We visit this town, a few miles from our own, fairly regularly. The librarian knows us well, asking about my dad now and then, handing me misplaced pictures of the kids' visit to Santa they'd kept from previous years. This week, Millie found a spot in the front of the room, still easy for me to spot with her purple gingham shirt, saddle shoes, and pigtails. Later that afternoon, Millie and Walter and I took a trip to an indoor park, and as they played, my mind began to wander.

I had been watching parts of the White House Correspondents' Dinner earlier that week. Just as the sight of Champaign's newspaper building always stirs up feelings inside me, the dinner does, too. An entire evening dedicated to black tie attire and celebration of journalists. Writers. The people I envy a little, because I always hoped I would graduate from college (at 22, with a bachelor's, instead of at 30, with an associate), and climb the corporate ladder until I became a famous, award winning journalist. I imagined the stories I would break. The opinion pieces that would stun the country. The career I would give up to focus on writing my book. 

It hasn't exactly happened.

And I thought about how the Vice President drove past my street last week, on his way to give a speech at the U of I. He made a bee line back to the airport, the shiny limousine dodging our potholes, and hopped aboard Air Force Two as soon as it was over, anxious to leave this Midwest soil and go back to places where life happens with urgency and importance.

Some people I know from high school have moved far away. There are those who drove the couple hours north to Chicago, the place that gave Carl Sandburg so much to describe. There are others who left Illinois altogether, and made their homes on one shore or the other, opening their windows to mountain or ocean views every day. And then there are some who remain here, who seem to lament at where they are. 

But this is my place. I know which country roads lead home. I know what day the apple orchard opens in July, what day the farmer's market begins, and where to go on those 90 degree July days to cool off. I know where to go for jazz concerts in the park, or the best restaurant for pie, or the way we have to get out our short sleeves one day and our winter coats the next. I can see the sky full of bright sunshine before the eerie green of a storm, and know to take shelter. I can drive down the road to towns with horse and buggies, Amish men in suspenders, and Amish women in bonnets. And I can raise two little ones on ear after ear of fresh sweetcorn grown here in town.

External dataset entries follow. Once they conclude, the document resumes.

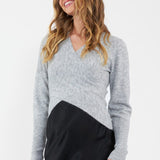 Willa Crop Maternity & Nursing Knit Sweater (Silver) | Ripe Maternity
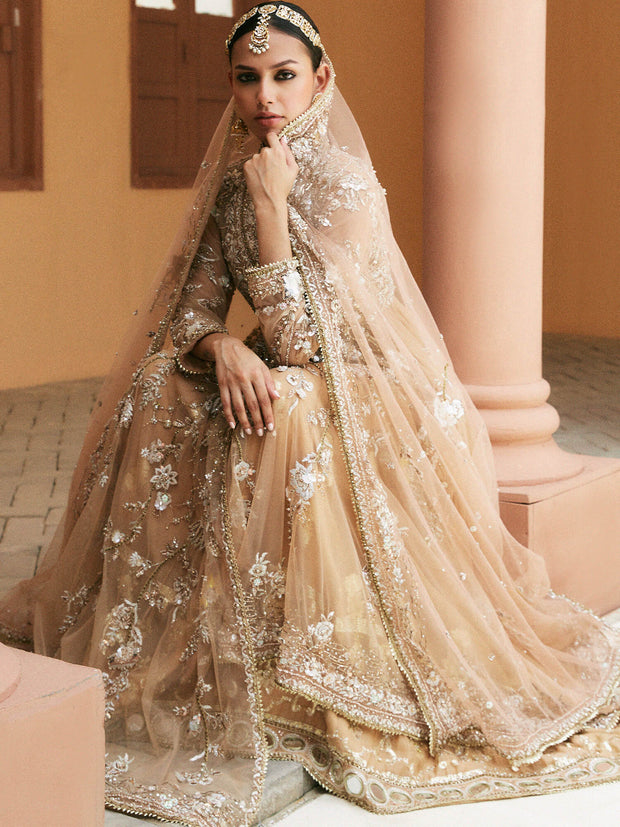 Regal Pakistani Bridal Dress in Gold Khaddi Silk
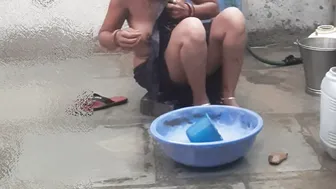 Married Desi Stepsister Strips Her Blouse For Stepbrother Before Shower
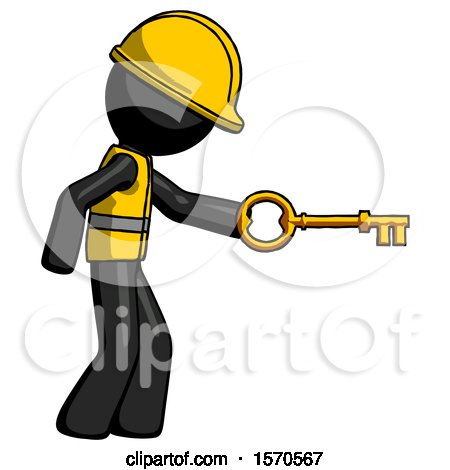 Black Construction Worker Contractor Man with Big Key of Gold Opening Something by Leo Blanchette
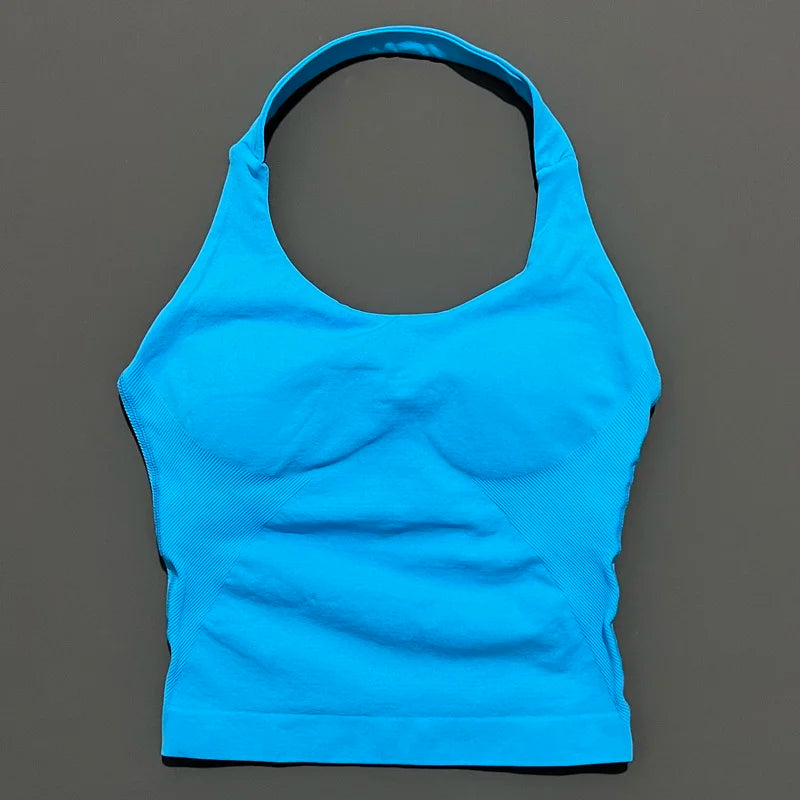 Impact Seamless Halter Longline Gym Top with Built-in Bra
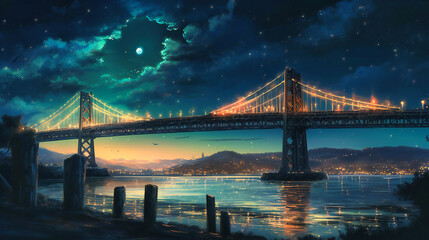 Moonlit Bridge Illuminating the Night's Embrace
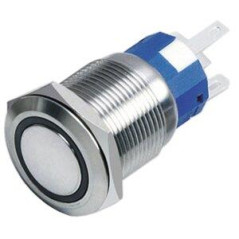 PULSADOR INOX OFF-(ON) c/LED ROJO, 12v, 5A, 19mm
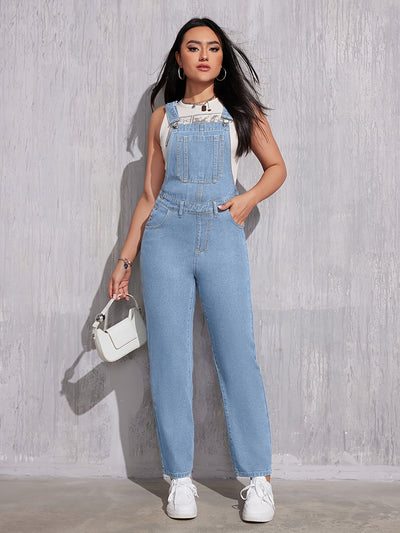 KRISTINE | Hellblauer Denim-Overall mit normaler Passform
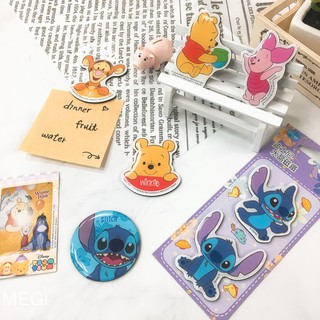 迪士尼水晶磁鐵 2入 正版 冰箱留言貼 迪士尼磁鐵 辦公室 廚房 磁鐵冰箱貼 史迪奇 維尼 米奇米妮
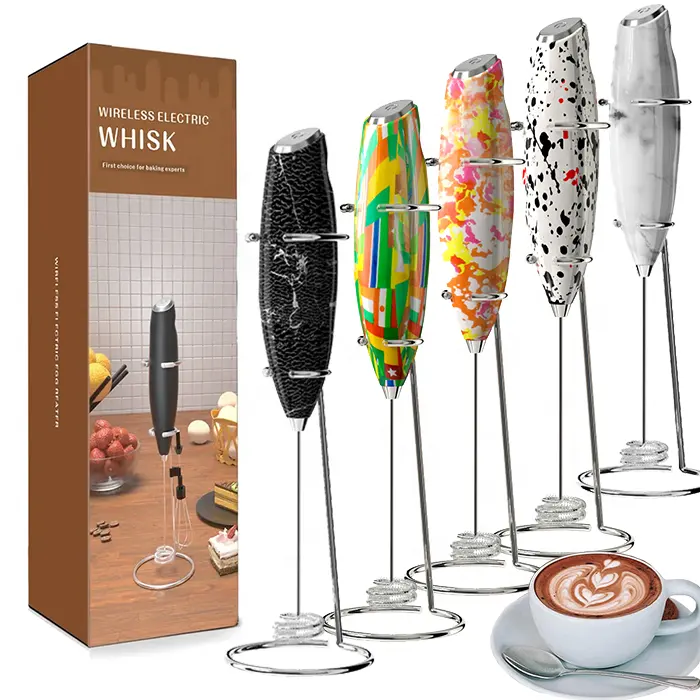 Battery Operated Mini Portable Automatic Battery Kitchen Stainless Powerful Whisk Handheld Foam Electric Coffee Milk Frother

The library in that small town is a place which reminds me how small I am, too. The empty street assures me how little will change here, and that the only kind of fame that happens around this neck of the woods is the rare kind that comes long after you're buried, if it comes at all. But like most people, I've learned that my life isn't going to have the fame and glitter, and my name won't grace the spine of a dozen books.

My place is in the empty street, holding Millie's hand as we cross it together, stopping to admire the tulips. It's in the orchard, sipping cider slushes and devouring apple doughnuts. It's squinting in the evening sun at the ice cream place, handing Walter a cone in the sweltering heat that turns my hair into a mess. 

It's here, with them. Small, quiet, and home. It's my favorite place to be.